Cinema

Detroit ai tempi della crisi. Tra vampiri, cinema e green economy

– E questo è il famoso Teatro Michigan. L’hanno costruito negli anni ’20. Un’enorme somma di denaro. Per ironia è stato eretto nello stesso identico posto dove Henry Ford costruì il suo primo prototipo. Aveva più di 4000 posti.
– È fantastico. Per cosa? Concerti
– Concerti e film. Riesci a immaginartelo? Gli specchi riflettevano i candelabri… E ora… Un parcheggio

È lo scambio tra i vampirici Tom Hiddleton e Tilda Swinton in una delle sequenze più crepuscolari ambientate nella Detroit in semi abbandono di Solo gli amanti sopravvivono. La visione estremamente originale contenuta nel nuovo film di Jim Jarmusch muove i due innamorati immortali Eve e Adam tra il Marocco e un’attuale Detroit, in un affresco postindustriale minimalista quanto apparentemente futuristico, per via della desolazione del tutto inusuale per una grande metropoli americana.

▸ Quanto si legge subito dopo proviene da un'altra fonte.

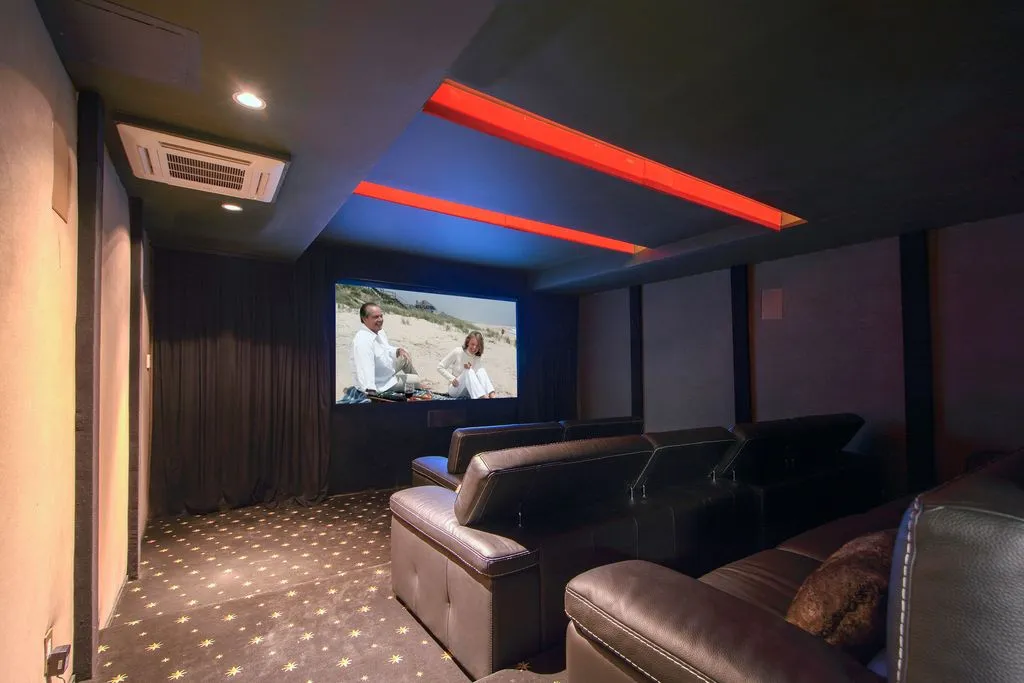 Secluded New York Retreat with Infinity-Edge Pool Hits the Market for $19.5 Million 25 125 result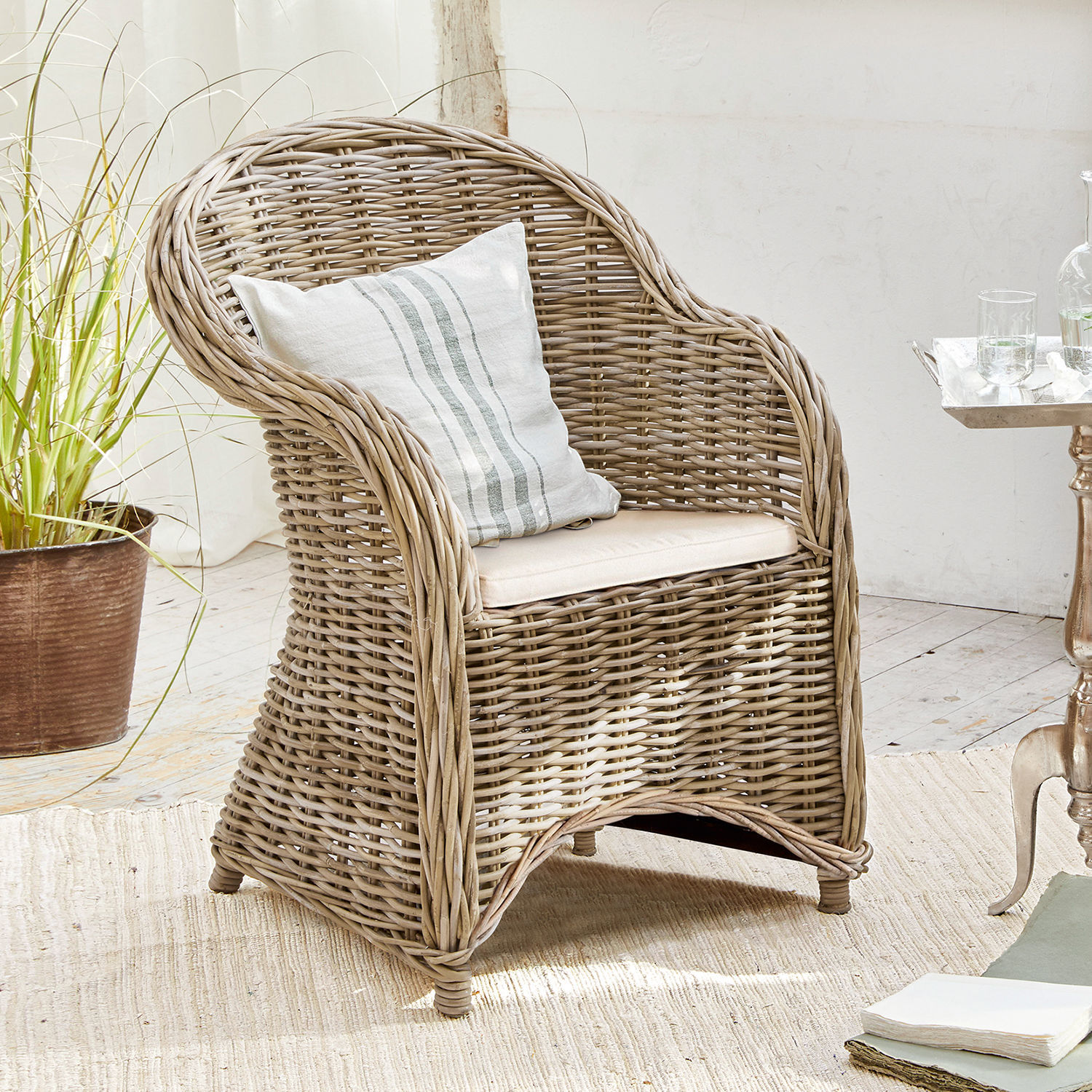 Fauteuil Margate Fauteuil en rotin naturel avec coussin clair et coussin décoratif rayé pour salon cosy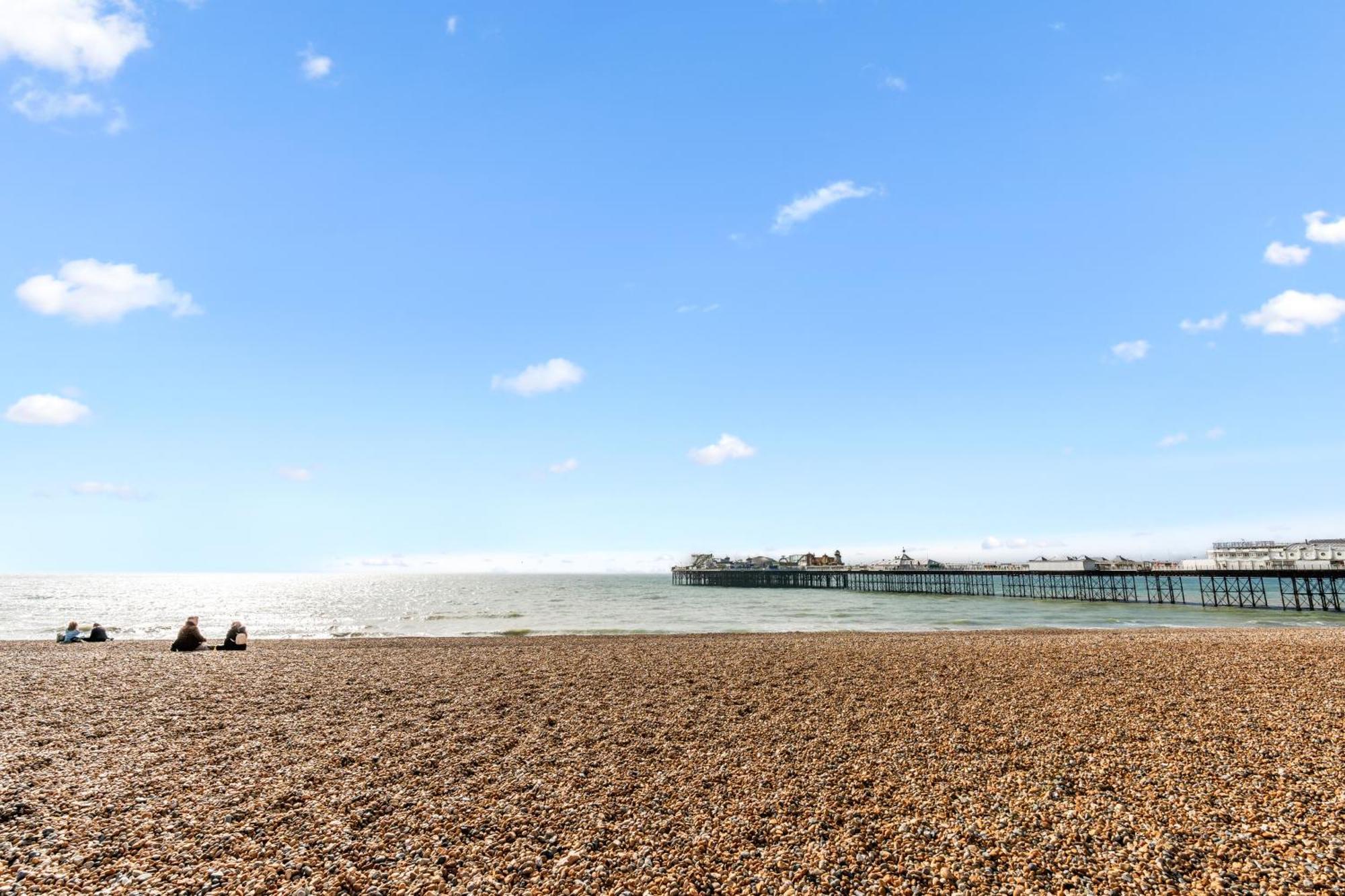 Modern 3 Bedroom Maisonette In Centre, 2 Minutes From Sea Front, Lanes And Palace Pier *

Sono lontani i tempi sbruffoni e trafficati di Eddie Murphy in Beverly Hills Cop quando con la sua cabriolet partiva da Motor City verso L.A. Negli anni ottanta, per gran parte del secolo scorso e fino alla crisi di pochi anni fa Detroit era la capitale industriale mondiale con General Motors, Chrysler e Packard Bell alla testa di un impero d’acciaio. Produzioni in gran parte trasferite all’estero insieme a molte altre per la sanguinosa battaglia globale sui costi del lavoro. E il sangue Jarmusch lo tratta con la sua solita ironia e inedita non violenza, fino alla negazione stessa dell’omicidio a morsi nutritivi.

Ridotta a un terzo dei suoi abitanti per la migrazione in massa della classe operaia che occupava buona parte delle quasi 80 mila miglia quadrate di territorio cittadino in villette e giardini, l’ex Città dei Motori è ridotta a un centro di grattacieli con alcuni spazi sfitti circondato da chilometri di verde spettrale e case basse, diverse delle quali abbandonate tra le sterpaglie. Chissà se gli sceneggiatori del primo Robocop, ambientato nella stessa città del Michigan, nell’87 avevano vagamente immaginato questa reale decadenza urbana. Sicuramente pensarono a rappresentarne futuristicamente la violenza repressiva e cibernetica del crimine strabordante.
Mentre nel remake del 2014, in piena sofferenza, Detroit ha prestato il suo skyline ritoccato ai computer, con il famoso grattacielo con la GM di General Motors, il Renaissance Center virtualmente vicino alla torre della OmniCorp, dove viene creato il poliziotto robot. E un pensiero di futuristico disfacimento avrà ispirato anche lo stesso Luc Besson per aver ambientato proprio qui lo script di Brick Mansions, l’ultimo adrenalinico action movie con il divo scomparso sei mesi fa Paul Walker. Remake anche questo, importato però da una Parigi tutt’altro che romantica in una metropoli americana di cemento e mura più alte di quelle di Gaza. Un film fatto di parkour (l’arte urbana di saltare ostacoli utilizzando il corpo come fosse quello di un gatto) e botte da orbi contro un fantapoliziesco tutto high tech e armi da fuoco sono le due pellicole che in questa stagione hanno preceduto Jarmusch e i suoi sardonici vampiri.

È curioso a volte come il cinema metta insieme certi elementi intorno a un humus urbano in grande cambiamento. Il regista dai capelli bianchi alla Elvis lo fa con la malinconia sempiterna dei due amanti dai tempi dilatati, lungo quelle strade desolate dalla fuga per la chiusura delle fabbriche. E ancora più curiosa è la realtà, e i modi che sceglie per lavorare il suo humus. È infatti la lavorazione della terra che a sorpresa, negli ultimi anni, sta tornando a dare speranza alla ex Motor City. Con i prezzi delle case ormai diroccate scesi nel 2008 a quelli di una nostra minicar, la Hantz Farm, compagnia di rivalutazione agricola, sta acquistando e risistemando acri in abbandono con il progetto della destinazione a spazi comuni e coltivazioni. Da Facebook si può leggere che soltanto pochi giorni fa hanno piantato 15 mila alberi per un parco, e i lavori continuano con la cooperazione volontaria degli abitanti, che sono tornati a socializzare dopo anni di buio e rifiuti ingombranti nel verde incolto.

Un piccolo miracolo con l’ambizione di fare di Detroit la prima metropoli autosufficiente a livello alimentare, o comunque organizzata in un sistema di fattorie di periferia. E le iniziative di privati per l’attivazione di piccoli business non mancano. Dopo crisi di vampiri cinematografici e non, cyborg e parkour, si riparte da zero verso un sogno green.